From first line to last, print the records exactly, but leave out the pictures.

Crawled caption data
┏━━

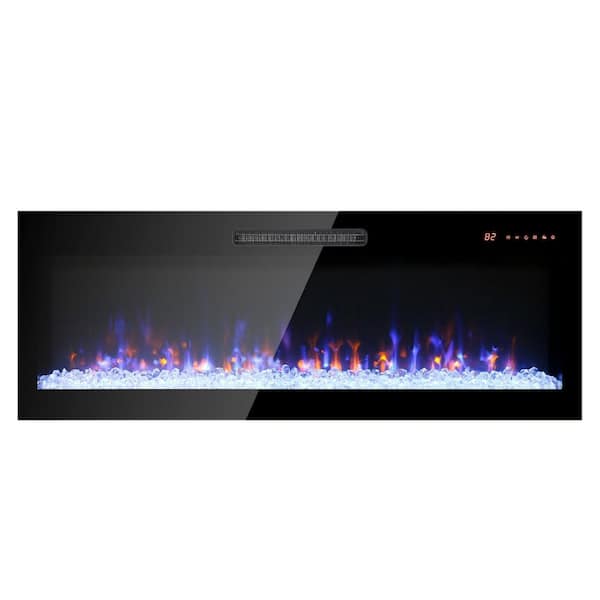60 in. Wall Mount/Recessed Electric Fireplace Insert with Remote 16-Colors LED Flame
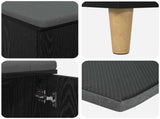 Hall Bench with Cushion with Storage Black Oak 100 x 38 x 46 cm 891537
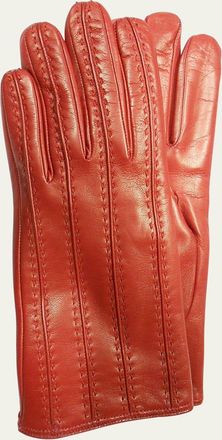 Guanti Giglio Fiorentino Leather & Cashmere Whipstitch Gloves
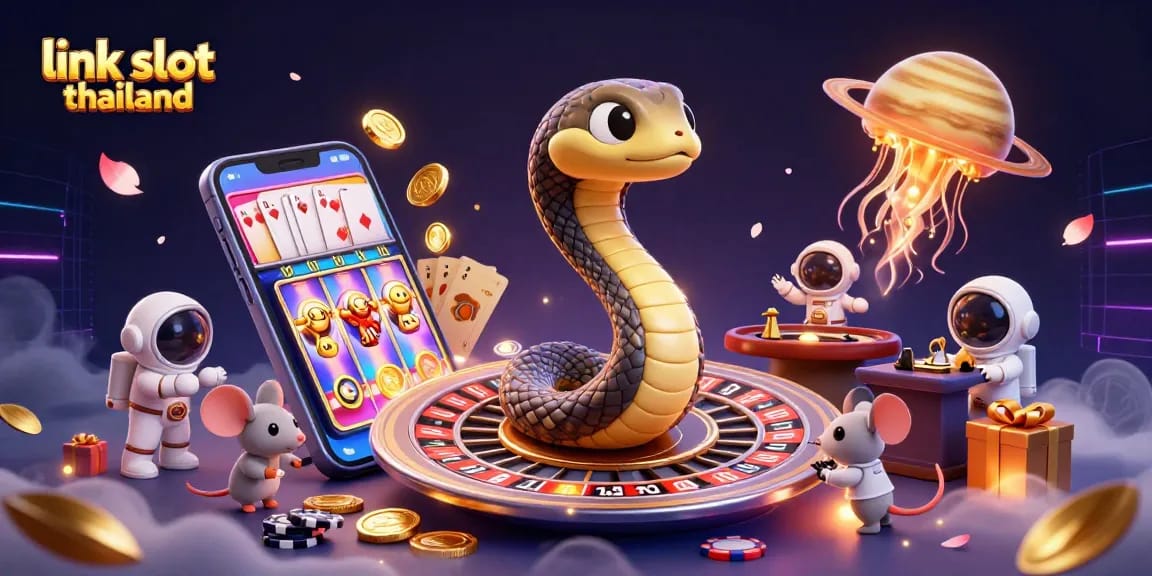 Experience the thrill of link slot thailand with vibrant cosmic casino elements in this dynamic 3D illustration.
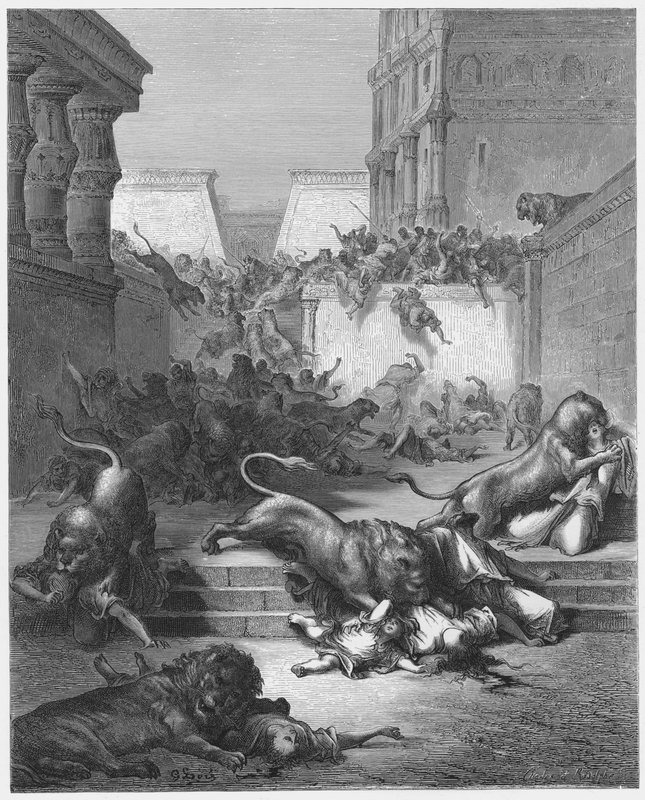 Gustave Dore Bibelen: De mærkelige nationer dræbt af løverne i Samaria af Gustave Dore
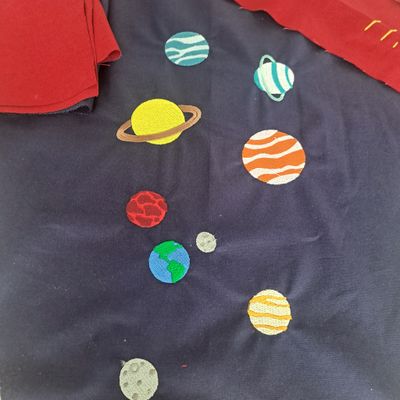 DIY Schultüte aus Stoff mit Sonnensystem 
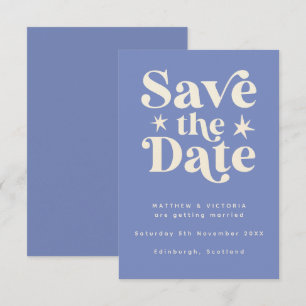 Retro blue Boho Simple Save the Date Card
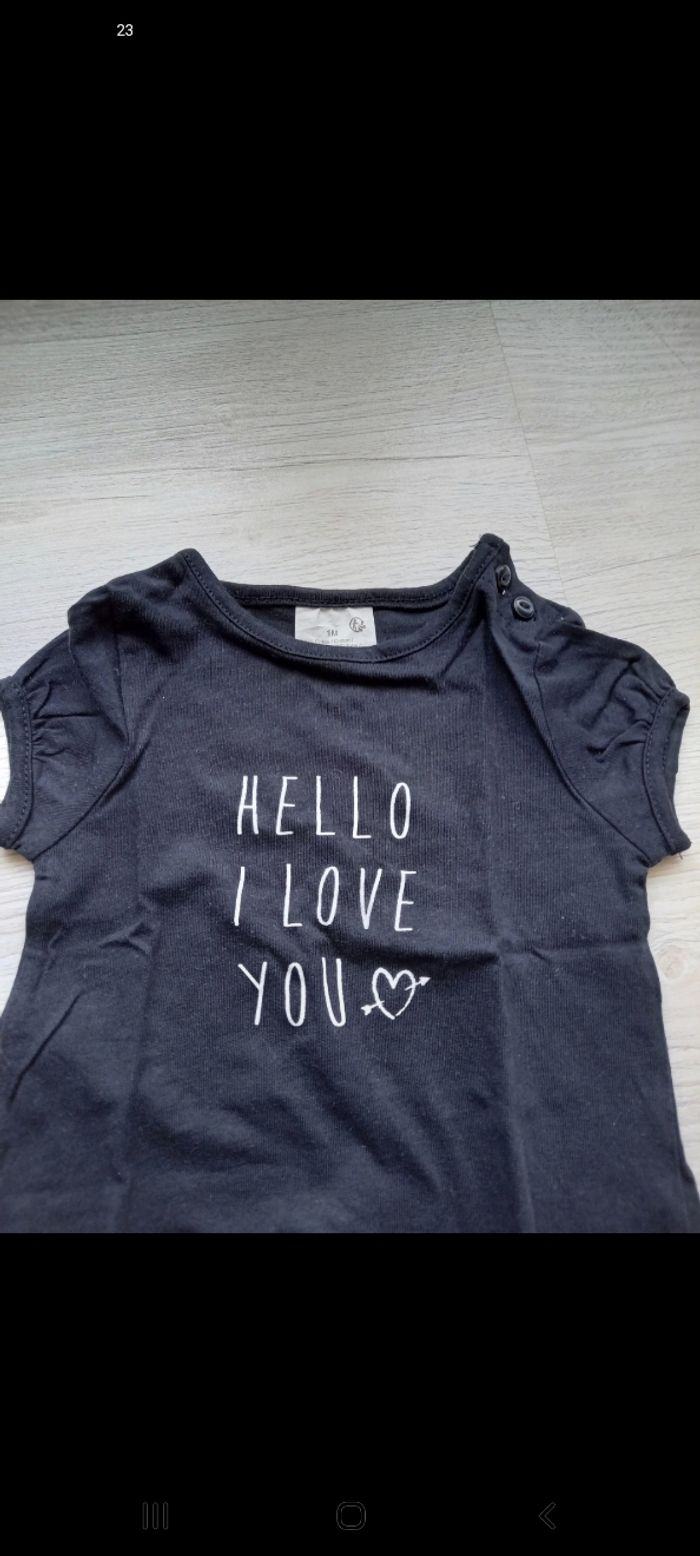 Lot de 2 t-shirts MC fille 1 mois - photo numéro 4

┗━━

RESULT:
60 in. Wall Mount/Recessed Electric Fireplace Insert with Remote 16-Colors LED Flame
 Hall Bench with Cushion with Storage Black Oak 100 x 38 x 46 cm 891537
 Guanti Giglio Fiorentino Leather & Cashmere Whipstitch Gloves
 Experience the thrill of link slot thailand with vibrant cosmic casino elements in this dynamic 3D illustration.
 Gustave Dore Bibelen: De mærkelige nationer dræbt af løverne i Samaria af Gustave Dore
 DIY Schultüte aus Stoff mit Sonnensystem 
 Retro blue Boho Simple Save the Date Card
 Lot de 2 t-shirts MC fille 1 mois - photo numéro 4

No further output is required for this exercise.